### [Problem details]
Would you copy the records below, exactly and only from their first line through the line containing "Hi, I'm Adam", without any pictures?
┌─ Raw data
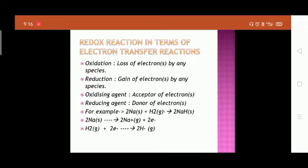Now let's look at redox reactions in terms of electron transfer — the modern concept. Oxidation is the loss of one or more electrons by any species, whereas reduction is the gain of electrons by any other species. Oxidizing agents are acceptors of electrons, while reducing agents are donors of electrons — the species which donates electrons preferentially during a chemical reaction is known as the reducing agent.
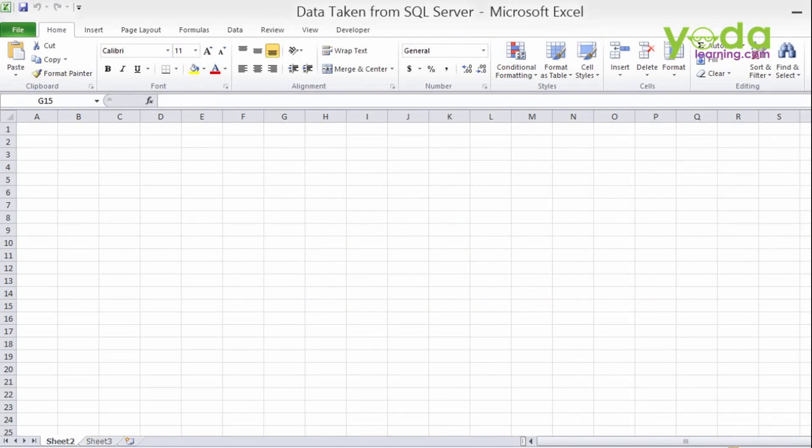Hello there. In this video we will try to learn how to fetch a record from the SQL server.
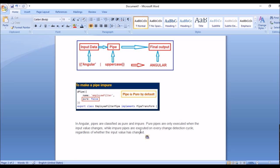Impure pipes execute on every change detection cycle, regardless of whether the input value has changed. Pure pipes execute only when the input value changes. That is the key difference between pure and impure pipes.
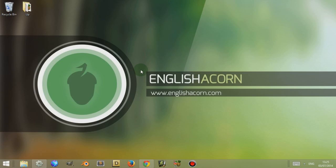Hi, I'm Adam from EnglishAcon.com and in this video I'm going to discuss containers found in Construct 2, the HTML5 game creation tool.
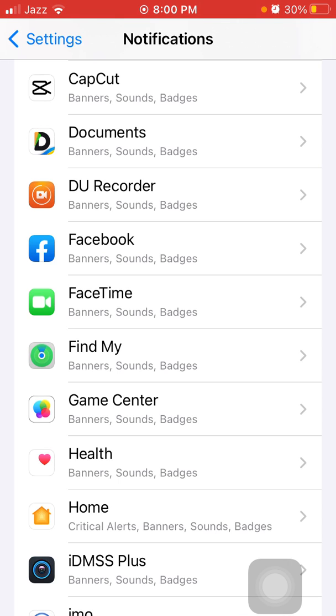Turn off the notification for that app, because every notification drains your battery.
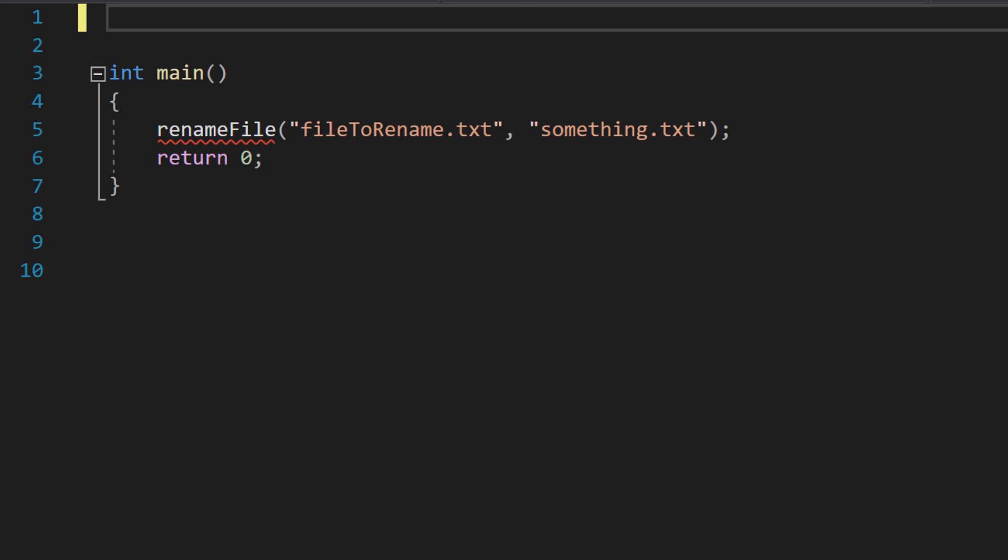Greetings, it's Maxo Diddly and today I'm going to be showing you how to rename a file in C++. So let's get right into it.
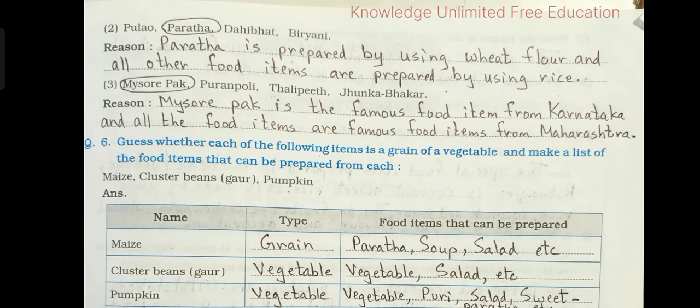Number two — pulao, paratha, dahi bhaat, biryani. We need to circle paratha. The reason is: paratha is prepared using wheat flour, while all other food items are prepared using rice.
└─
### [Result of the exercise]
Now let's look at redox reactions in terms of electron transfer — the modern concept. Oxidation is the loss of one or more electrons by any species, whereas reduction is the gain of electrons by any other species. Oxidizing agents are acceptors of electrons, while reducing agents are donors of electrons — the species which donates electrons preferentially during a chemical reaction is known as the reducing agent.
Hello there. In this video we will try to learn how to fetch a record from the SQL server.
Impure pipes execute on every change detection cycle, regardless of whether the input value has changed. Pure pipes execute only when the input value changes. That is the key difference between pure and impure pipes.
Hi, I'm Adam from EnglishAcon.com and in this video I'm going to discuss containers found in Construct 2, the HTML5 game creation tool.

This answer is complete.